:: Material for the task

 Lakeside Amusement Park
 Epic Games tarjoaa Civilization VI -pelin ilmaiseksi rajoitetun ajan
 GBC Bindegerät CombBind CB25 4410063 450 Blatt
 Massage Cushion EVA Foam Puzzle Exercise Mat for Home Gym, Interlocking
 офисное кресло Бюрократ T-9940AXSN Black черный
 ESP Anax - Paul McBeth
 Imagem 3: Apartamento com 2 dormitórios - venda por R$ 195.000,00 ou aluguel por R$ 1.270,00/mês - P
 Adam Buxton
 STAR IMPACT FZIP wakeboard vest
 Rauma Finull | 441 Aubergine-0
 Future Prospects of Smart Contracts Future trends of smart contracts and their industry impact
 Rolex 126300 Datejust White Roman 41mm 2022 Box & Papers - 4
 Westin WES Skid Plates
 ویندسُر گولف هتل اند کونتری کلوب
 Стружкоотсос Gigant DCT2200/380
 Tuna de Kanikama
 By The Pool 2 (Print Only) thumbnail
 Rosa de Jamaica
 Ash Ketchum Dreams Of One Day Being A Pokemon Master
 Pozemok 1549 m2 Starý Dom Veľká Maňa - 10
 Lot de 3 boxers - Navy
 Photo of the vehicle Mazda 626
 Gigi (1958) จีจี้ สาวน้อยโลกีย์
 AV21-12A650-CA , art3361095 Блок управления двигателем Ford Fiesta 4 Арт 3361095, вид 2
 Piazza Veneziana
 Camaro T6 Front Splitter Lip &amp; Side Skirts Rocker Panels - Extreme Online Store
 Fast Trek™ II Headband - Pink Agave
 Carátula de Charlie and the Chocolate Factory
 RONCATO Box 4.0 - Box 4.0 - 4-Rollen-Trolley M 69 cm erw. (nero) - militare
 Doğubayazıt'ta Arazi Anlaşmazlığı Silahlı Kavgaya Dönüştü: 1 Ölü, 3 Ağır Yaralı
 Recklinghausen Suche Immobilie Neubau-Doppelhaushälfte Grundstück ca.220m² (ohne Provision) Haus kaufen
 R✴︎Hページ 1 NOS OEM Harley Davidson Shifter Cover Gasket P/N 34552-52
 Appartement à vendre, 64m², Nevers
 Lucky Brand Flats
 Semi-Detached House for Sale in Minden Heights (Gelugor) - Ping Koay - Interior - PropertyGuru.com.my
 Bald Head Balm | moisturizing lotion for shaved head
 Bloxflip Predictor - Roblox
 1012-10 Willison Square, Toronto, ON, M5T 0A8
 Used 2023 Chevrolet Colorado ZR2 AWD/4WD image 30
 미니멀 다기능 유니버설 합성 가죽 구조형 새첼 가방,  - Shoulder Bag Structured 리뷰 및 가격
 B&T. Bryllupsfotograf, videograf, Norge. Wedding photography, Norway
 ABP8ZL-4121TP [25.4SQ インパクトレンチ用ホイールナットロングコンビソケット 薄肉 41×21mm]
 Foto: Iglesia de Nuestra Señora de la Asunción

::::

Required work
Each entry shown above should be transcribed exactly as written.

Task solution
 Lakeside Amusement Park
 Epic Games tarjoaa Civilization VI -pelin ilmaiseksi rajoitetun ajan
 GBC Bindegerät CombBind CB25 4410063 450 Blatt
 Massage Cushion EVA Foam Puzzle Exercise Mat for Home Gym, Interlocking
 офисное кресло Бюрократ T-9940AXSN Black черный
 ESP Anax - Paul McBeth
 Imagem 3: Apartamento com 2 dormitórios - venda por R$ 195.000,00 ou aluguel por R$ 1.270,00/mês - P
 Adam Buxton
 STAR IMPACT FZIP wakeboard vest
 Rauma Finull | 441 Aubergine-0
 Future Prospects of Smart Contracts Future trends of smart contracts and their industry impact
 Rolex 126300 Datejust White Roman 41mm 2022 Box & Papers - 4
 Westin WES Skid Plates
 ویندسُر گولف هتل اند کونتری کلوب
 Стружкоотсос Gigant DCT2200/380
 Tuna de Kanikama
 By The Pool 2 (Print Only) thumbnail
 Rosa de Jamaica
 Ash Ketchum Dreams Of One Day Being A Pokemon Master
 Pozemok 1549 m2 Starý Dom Veľká Maňa - 10
 Lot de 3 boxers - Navy
 Photo of the vehicle Mazda 626
 Gigi (1958) จีจี้ สาวน้อยโลกีย์
 AV21-12A650-CA , art3361095 Блок управления двигателем Ford Fiesta 4 Арт 3361095, вид 2
 Piazza Veneziana
 Camaro T6 Front Splitter Lip &amp; Side Skirts Rocker Panels - Extreme Online Store
 Fast Trek™ II Headband - Pink Agave
 Carátula de Charlie and the Chocolate Factory
 RONCATO Box 4.0 - Box 4.0 - 4-Rollen-Trolley M 69 cm erw. (nero) - militare
 Doğubayazıt'ta Arazi Anlaşmazlığı Silahlı Kavgaya Dönüştü: 1 Ölü, 3 Ağır Yaralı
 Recklinghausen Suche Immobilie Neubau-Doppelhaushälfte Grundstück ca.220m² (ohne Provision) Haus kaufen
 R✴︎Hページ 1 NOS OEM Harley Davidson Shifter Cover Gasket P/N 34552-52
 Appartement à vendre, 64m², Nevers
 Lucky Brand Flats
 Semi-Detached House for Sale in Minden Heights (Gelugor) - Ping Koay - Interior - PropertyGuru.com.my
 Bald Head Balm | moisturizing lotion for shaved head
 Bloxflip Predictor - Roblox
 1012-10 Willison Square, Toronto, ON, M5T 0A8
 Used 2023 Chevrolet Colorado ZR2 AWD/4WD image 30
 미니멀 다기능 유니버설 합성 가죽 구조형 새첼 가방,  - Shoulder Bag Structured 리뷰 및 가격
 B&T. Bryllupsfotograf, videograf, Norge. Wedding photography, Norway
 ABP8ZL-4121TP [25.4SQ インパクトレンチ用ホイールナットロングコンビソケット 薄肉 41×21mm]
 Foto: Iglesia de Nuestra Señora de la Asunción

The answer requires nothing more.